Chalan also says there is the hidden cost of what Riverbed calls the 'double bubble'. When data for AI projects is moved for training or inference purposes. there are GPUs at both the orgin and destination. The GPUs are expensive and there is typically a commitment to use them once a contract is entered. When the data is moved, which can be costly, the company is stuck paying for the GPUs at both the origin and destination.
Another challenge when it comes to accessing large volumes of data for AI initiatives is network architecture and topology. While urban areas may have access to 100Gb backbones, network overhead and other constraints may limit movement to just 20TB of data per hour. Chalas says this can lead to unacceptable delays.
"For many organisations, the most data they can move in a day is about 3TB. If you need to move 20PB, something we commonly see in many industries today, it might take 20 days for just 1PB. With some of the larger organisations Riverbed is working with, we see volumes of data that can take up to nine months to move. That's an unacceptable delay," says Chalan.

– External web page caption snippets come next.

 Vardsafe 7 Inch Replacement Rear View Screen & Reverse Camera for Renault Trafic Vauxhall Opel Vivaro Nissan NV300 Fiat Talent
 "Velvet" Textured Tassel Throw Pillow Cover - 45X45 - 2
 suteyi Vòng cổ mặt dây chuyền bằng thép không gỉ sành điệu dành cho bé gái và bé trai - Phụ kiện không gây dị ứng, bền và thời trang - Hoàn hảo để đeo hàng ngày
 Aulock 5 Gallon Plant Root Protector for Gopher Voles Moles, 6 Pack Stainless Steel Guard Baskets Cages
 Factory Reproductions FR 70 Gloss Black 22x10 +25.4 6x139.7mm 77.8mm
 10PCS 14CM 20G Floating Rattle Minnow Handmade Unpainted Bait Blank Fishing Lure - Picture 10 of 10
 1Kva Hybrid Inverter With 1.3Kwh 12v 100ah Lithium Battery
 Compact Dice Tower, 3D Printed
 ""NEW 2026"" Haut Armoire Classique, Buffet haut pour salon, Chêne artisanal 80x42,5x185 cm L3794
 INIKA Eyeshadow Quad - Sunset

That becomes even more complex when considering multi-cloud environments. Chalan says it's relatively easy when all the data is in one place but when it's distributed the challenges amplify.
Moving large volumes of data as quickly as possible often looks like it can be solved by providing additional bandwidth. But Chalan says this is not alwsys the best solution.

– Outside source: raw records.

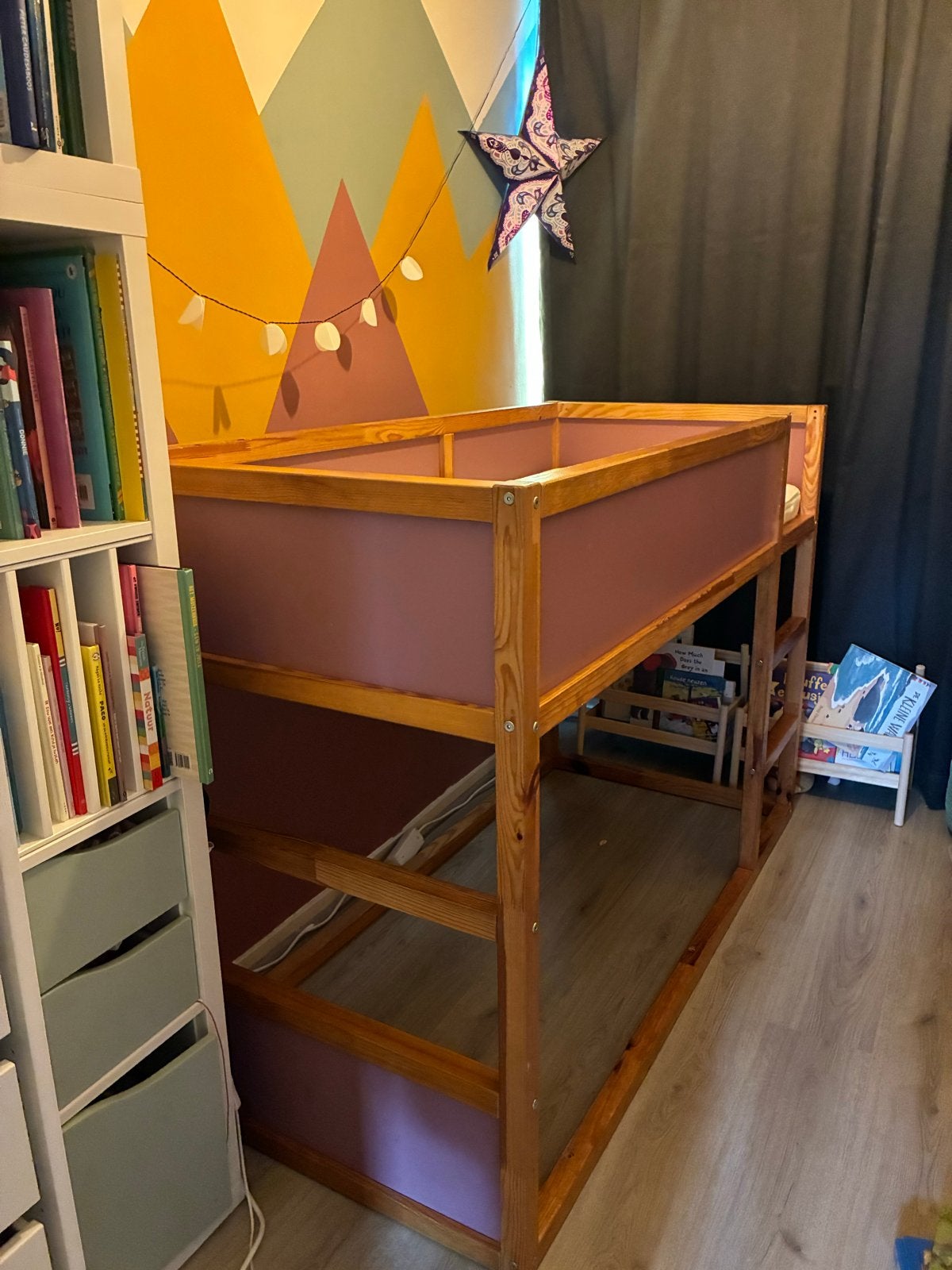 Aangepast IKEA Lura halfhoogslaper met matras, Ophalen, Gebruikt, Eenpersoons, Minder dan 160 cm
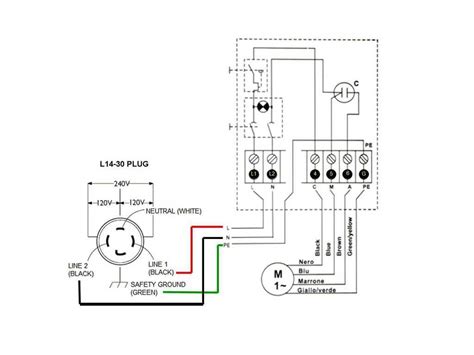 wiring diagram   prong amp  generator twist plug wiring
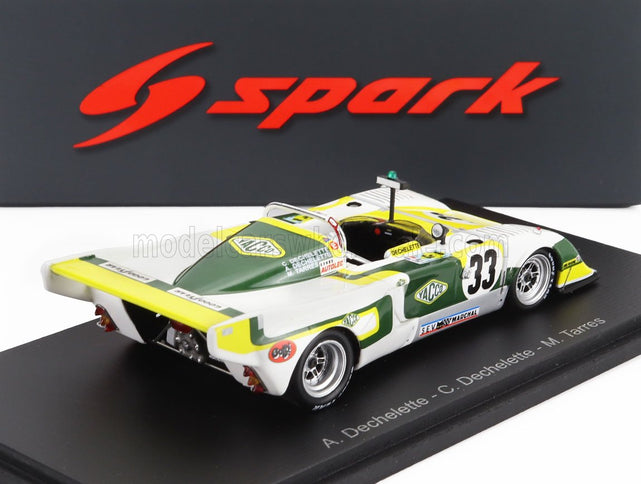 CHEVRON | B36 2.0L S4 TEAM SOCIETE RACING N 33 24h LE MANS 1979 ALAIN DECHELETTE - CHARLES DECHELETTE - MARCEL TARRES | WHITE BLACK YELLOW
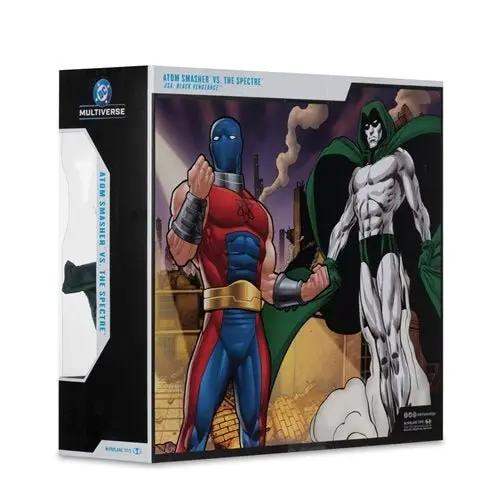 DC Multiverse Atom Smasher Megafig vs. The Spectre JSA: Black Vengeance Action Figure 2-Pack - ToyShnip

"If you're within the same nearby region, more bandwidth can help. But if you're not that close by, more bandwidth doesn't help at all. In fact, it may make the problem worse because we have more traffic and then latency starts overwhelming the bandwidth. You must ensure every part of the system is built for that performance. Some of the latency might be because of storage or the cloud that you're using may throttle your activity because you did not specify the right amount of throughput expected or you're not using the right set of instances," Chalan explains.
The complexity of AI applications means the way performance is measured must take an end-to-end view. While availability of bandwidth is important, it's the equivalent of having dial tone on a telephone. The goal is to make a call or complete the request or transaction in a reasonable time.
"The solution should focus on that on the outcomes that that matter to the enterprise and not the raw data underneath. Design choices must translate to tangible outcomes," says Chalan.
Chalan says there are some best-practice guidelines organisations can adopt when designing data pipelines for AI projects. A key consideration is understanding whether the data architecture needs to support a long-term initiative or a short-term data migration. And before committing to a large-scale infrastructure project, look at how you can optimise the network you already have.
"Don't try to change your architecture too much," Chalan says. "Make things work. That's where, for example, our Data Express product can help accelerate those first steps."
That can give architecture teams valuable insights into what they need and what already works. Armed with that knowledge, organisations can consider changes to the network, storage, visibility, and other parts of the chain to optimise systems to enable their AI projects to operate at peak performance.
When it comes to network topologies, Chalan suggests not making too many big bets early in the journey. For example, he suggests connecting AI tools to data sources using VPNs as a low-cost solution that can be used for proof of concept before choosing a more costly or complex solution such as direct connection or interconnection. The use of virtual appliances is also a step worth considering in his view as that gives an entry point that can be later optimised with physical appliances.
The trick, in Chalan's view, is to not overcommit until you have a good understanding of your needs and capability. Focus on the outcomes your organisation requires and consider every element of the platform so that you minimise the risk of performance being bottlenecked by an element that can't be remedied.